SOURCE RECORDS:
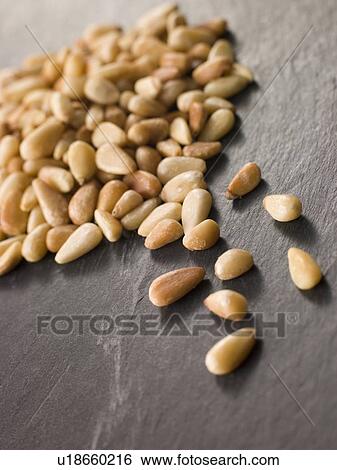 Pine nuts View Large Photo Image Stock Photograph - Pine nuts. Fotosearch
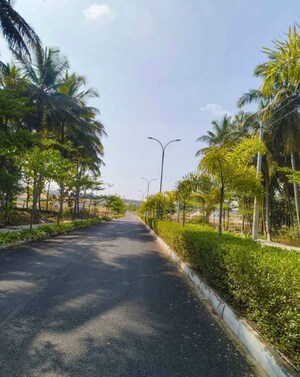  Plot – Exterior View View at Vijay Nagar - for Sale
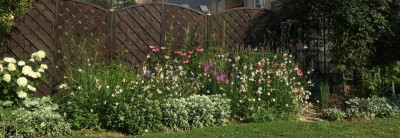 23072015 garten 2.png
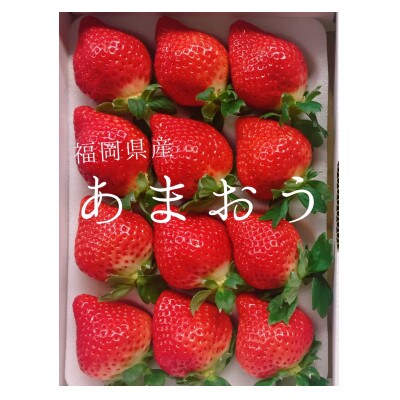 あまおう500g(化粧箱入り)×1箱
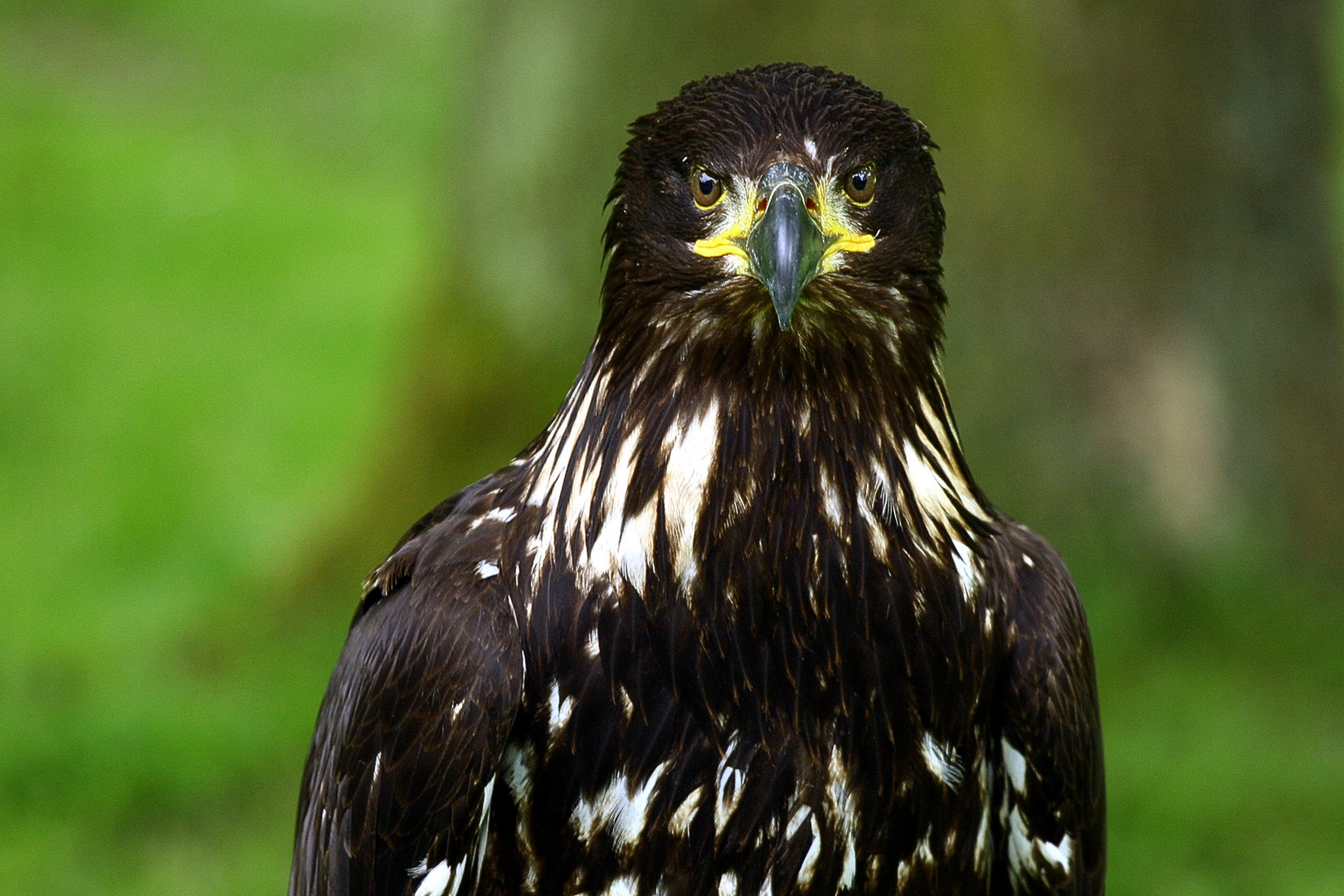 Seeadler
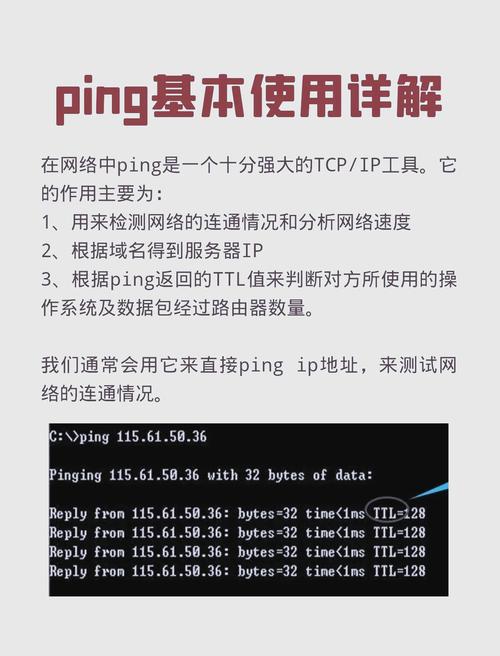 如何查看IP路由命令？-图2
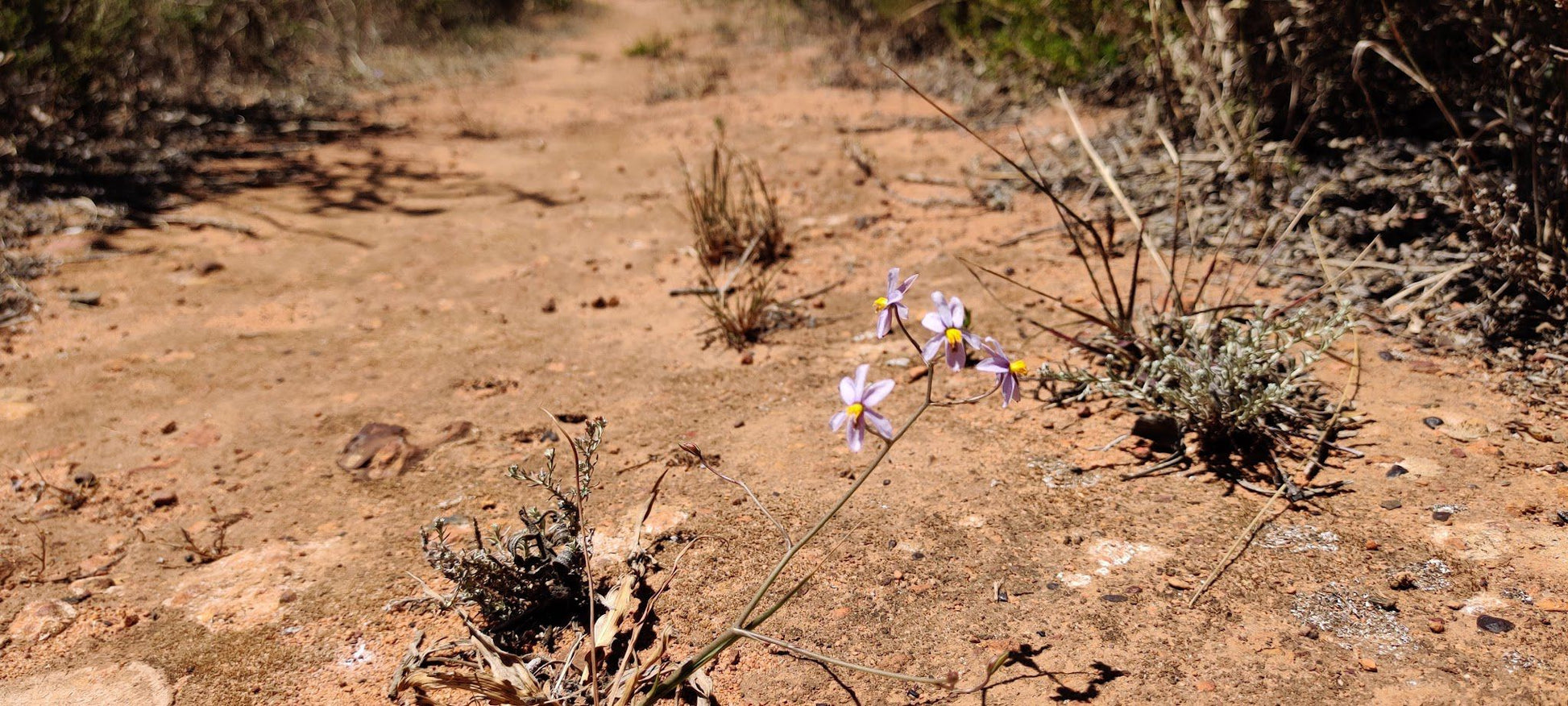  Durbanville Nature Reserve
---
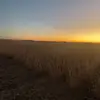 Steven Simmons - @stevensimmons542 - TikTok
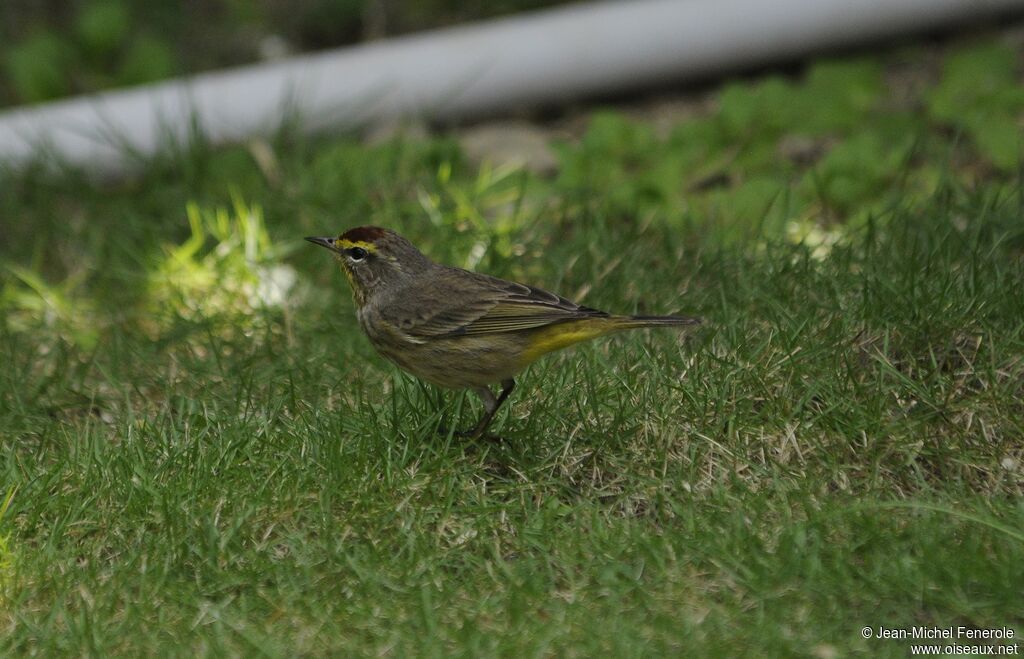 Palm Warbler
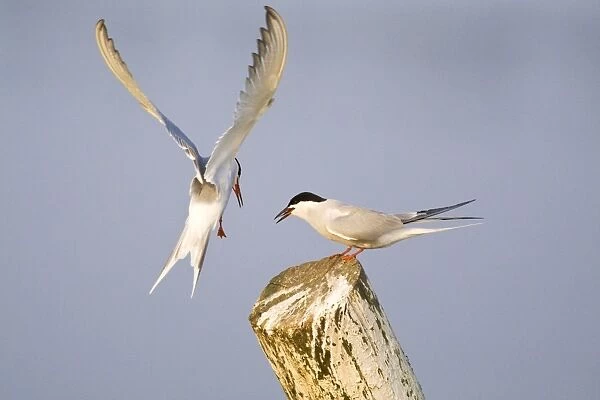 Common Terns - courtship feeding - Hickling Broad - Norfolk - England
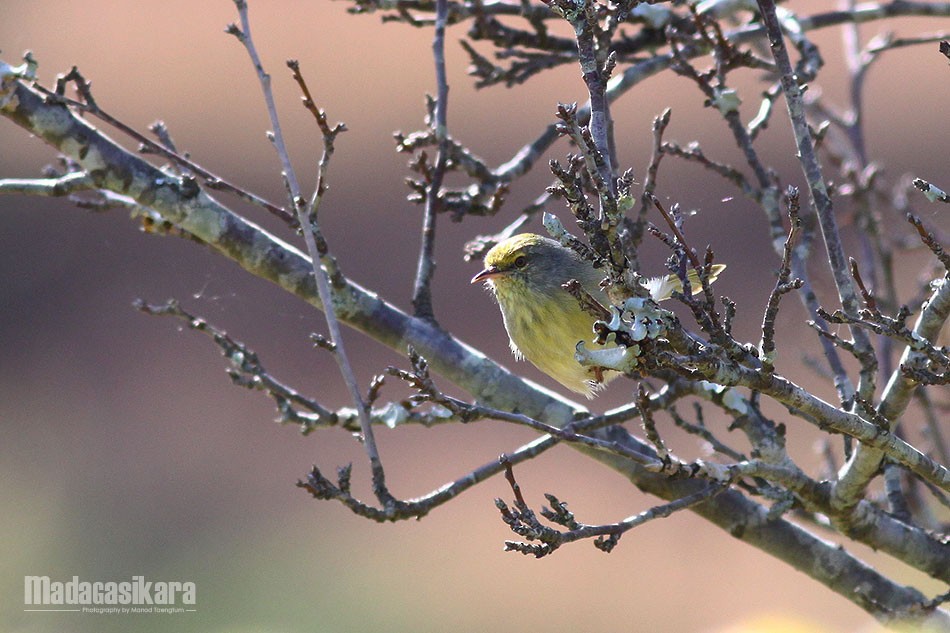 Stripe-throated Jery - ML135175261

EXERCISE:
Only the lines above from the one containing "Common Terns - courtship" through the one containing "Stripe-throated Jery - ML135175261" should be returned, verbatim and inclusive, with pictures excluded.

ANSWER FOR THIS EXERCISE:
 Common Terns - courtship feeding - Hickling Broad - Norfolk - England
 Stripe-throated Jery - ML135175261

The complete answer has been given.